Did you ever hear the story, from St. Ives, of Smiler's cat? No? Then I'll tell you. He wasn't a fighter, except when he was provoked, and then he was game; but he was a most orderly cat, and pious too. Now you may laugh, but if ever there was a pious cat, it was Smiler's. Smiler wasn't pious, but Bob the Cat was. Bob was black with a white tie round his neck, so he had a respectable appearance, and was looked up to by all the cats in the parish. Bob knew when Smiler had had a good week, and knew where to find him when he'd drunk his fill and it was time to go home. Smiler was a peaceful man at all times. When he'd had his full allowance of beer, and more, he'd sit down and talk over old times, about his father and mother, and begin to cry. Then Bob would rub against his legs and make for the door, and Smiler would follow exactly like a child - yes he would. When it was dark Bob would walk backwards and show Smiler the way by the light of his eyes - starboard and port, port and starboard - till Smiler got home.

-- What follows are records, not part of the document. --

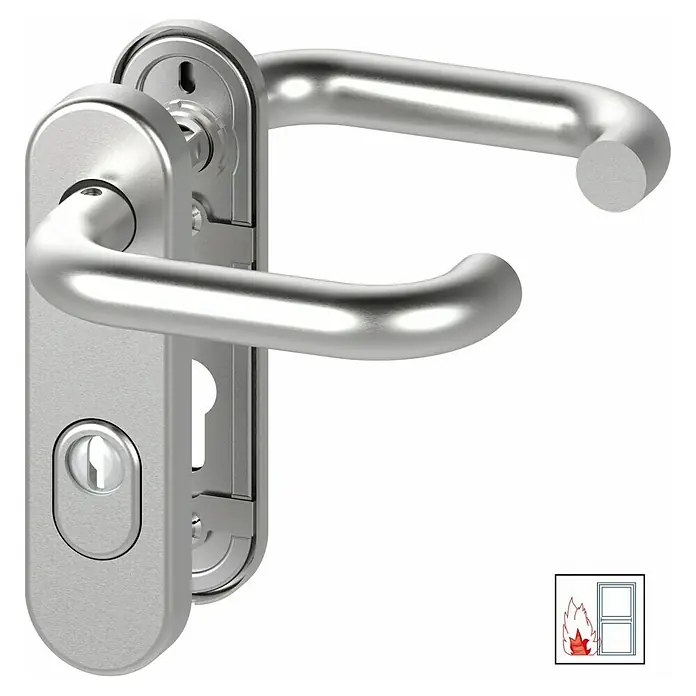 Basi Schutzbeschlag SB/FS 2200K ES1 - Feuerschutztür, Edelstahl, Drücker beidseitig, Mit Zylinderabdeckung, Stärke Tür: 44 mm - 66 mm - Türdrückergarnitur in Silbermetallic mit Schlüsselloch.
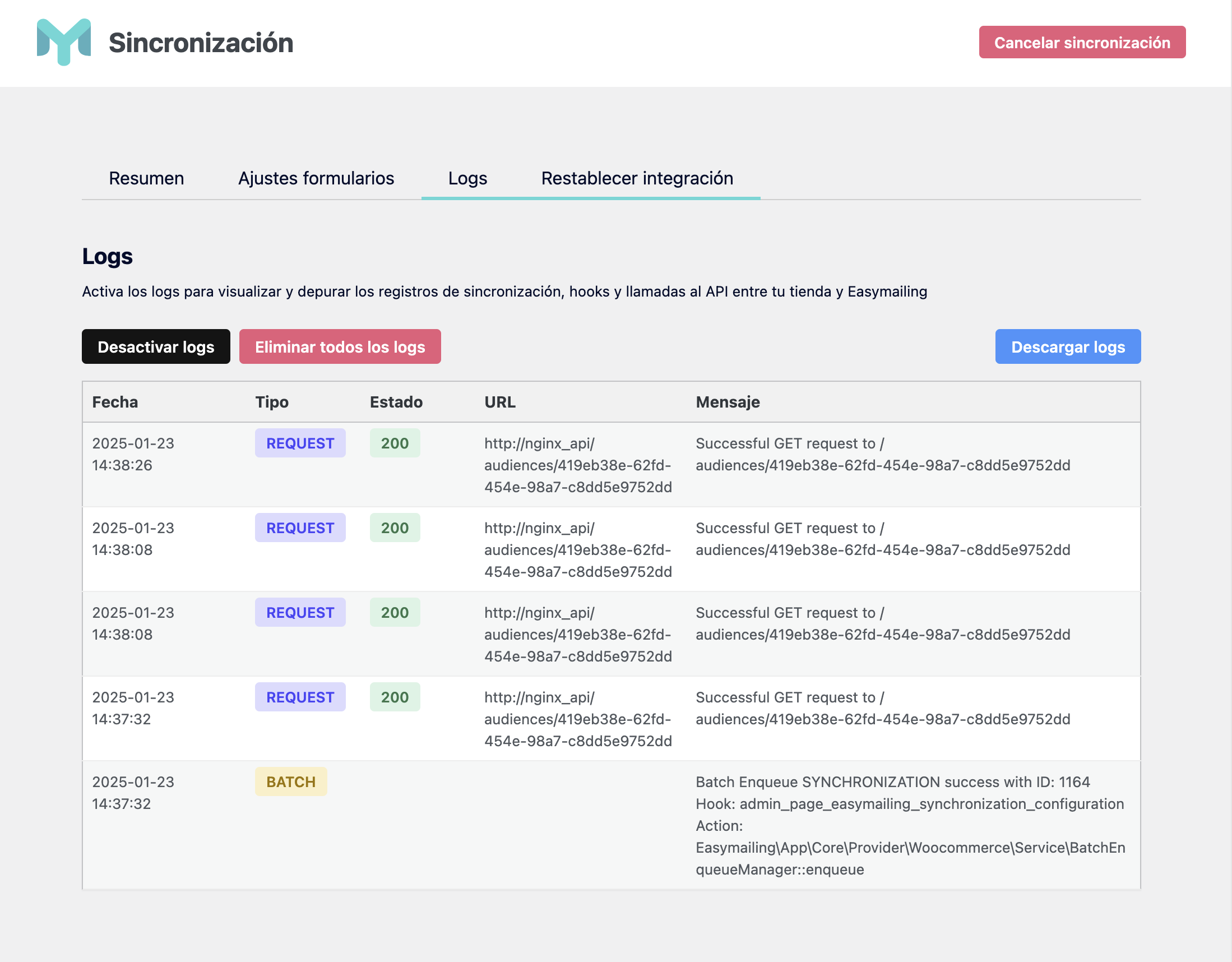 Woocommerce synchronization logs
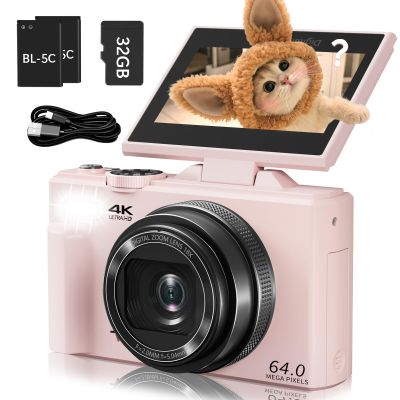 4K Digital Camera for Photography and Vlogging, YouTube Camera with 3" 180 Flip Screen, Autofocus, WiFi, 18X Zoom, Flash, 2 Batteries & 32GB SD Card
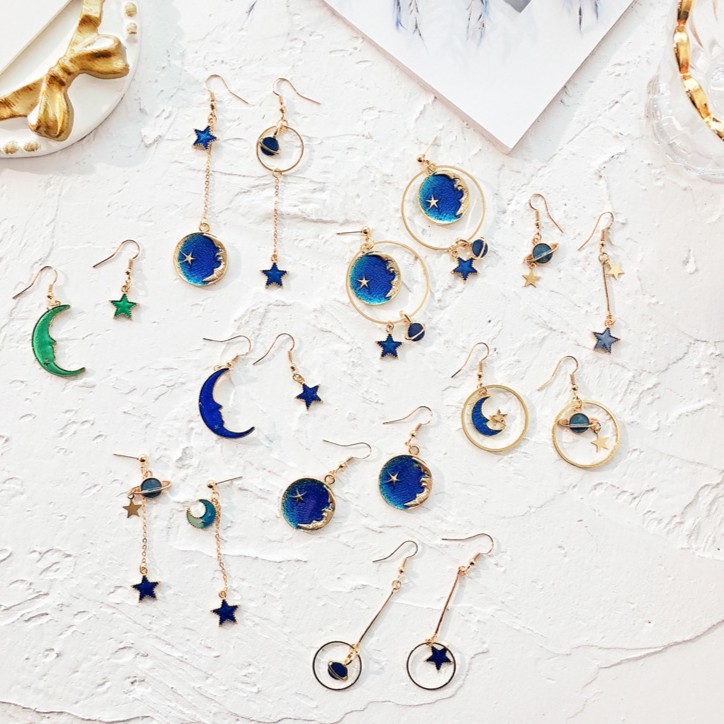 Khuyên Tai Bất Đối Xứng Hình Ngôi Sao Mặt Trăng Thời Trang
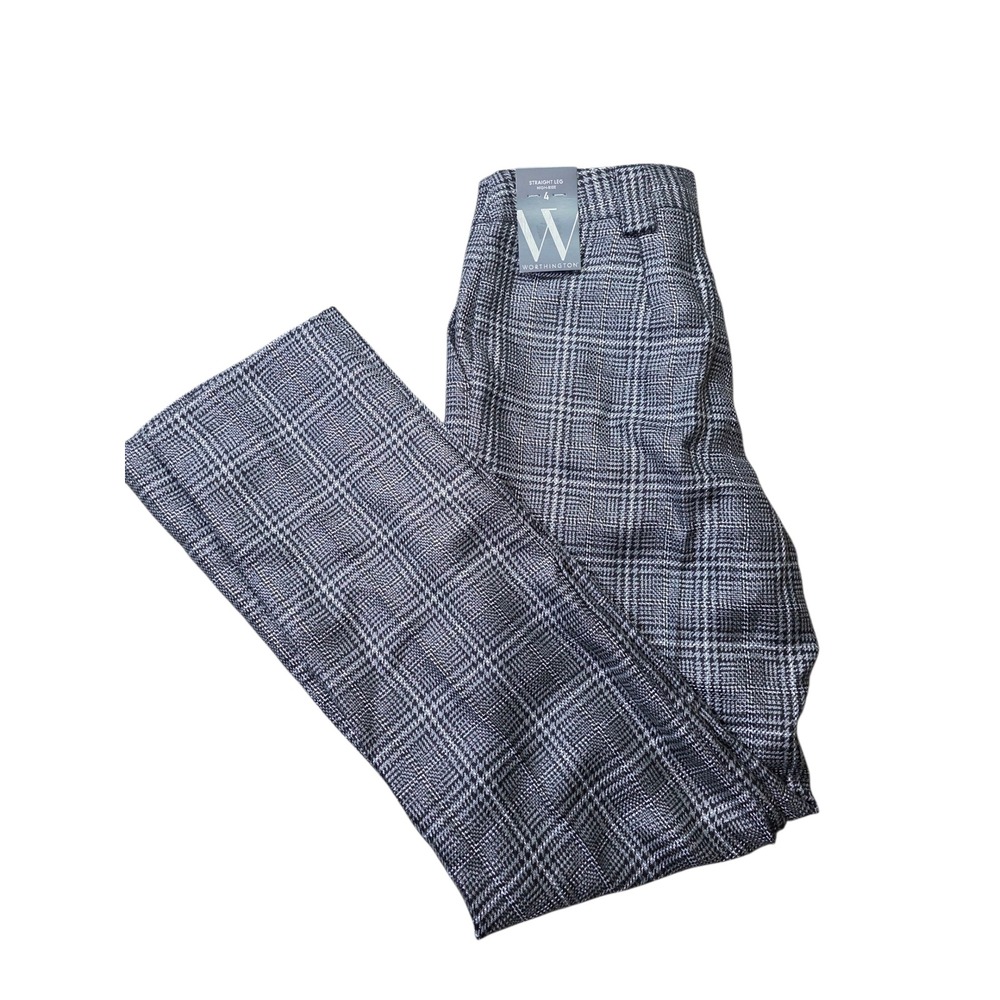 Worthington Plaid Pants Straight Leg High-Rise Career Casual Size 4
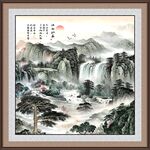 迎客松国画黄山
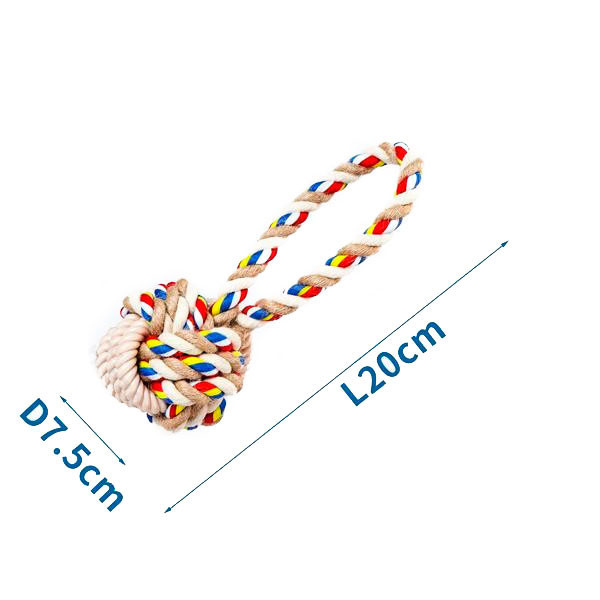 Bavlnené lano s loptou a rúčkou - 20cm (béžové) Nobleza - 1
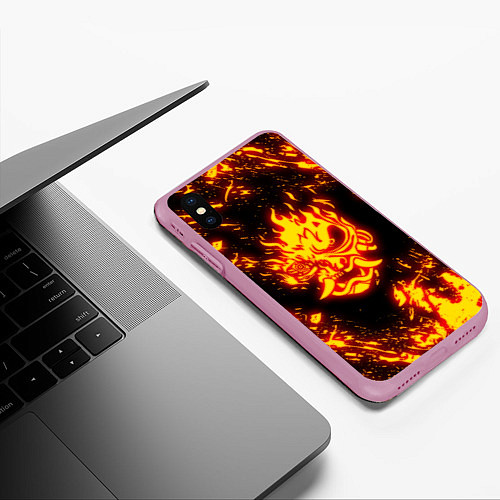 Чехол iPhone XS Max матовый Cyberpunk 2077: FIRE SAMURAI / 3D-Розовый – фото 3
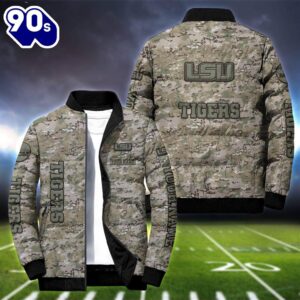 NCAA Camo Vetaran LSU TIGERS Football Team Puffer Jacket Personalized Your Name  For Men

Bob was that pious he wouldn't eat fish on a Sunday, and he was so admired by all the cats that not one would run down to the quay on a Saturday or Sunday night - not even if all the boats came in chock-full of fish. "No Sunday fish for St. Ives!" was the motto with Bob, and all the cats followed his example. Smiler got that merry on Saturdays that he couldn't rise on Sundays. Bob used to keep watch over him and listen to the Salvation Army services that he could hear quite plainly through the open window. Bob got to like the music and grew serious, and took to following the band. People took notice, and said it was Smiler's Bob, and expected to see Smiler follow the cat, as he did at night when he was well soused.
Bob was going after Smiler one night, as usual, after sharing a pint or two, and, as ill fortune would have it, he met an old friend in the cat-line, and they went off together. This was sad for Smiler, whose footing went wrong, and he slipped into the water without being seen or heard. Bob went about like a dazed cat, and never rested till he sniffed out old Smiler, caught by a mooring chain. It was wonderful to see Bob following at the funeral, and many would have taken care of him, but he had a calling, and followed the Salvation Army. To the last day of his innocent life he would eat no fish on a Sunday - not even fish caught on a Saturday. There were no risks for Bob. If only some people were as good as some cats.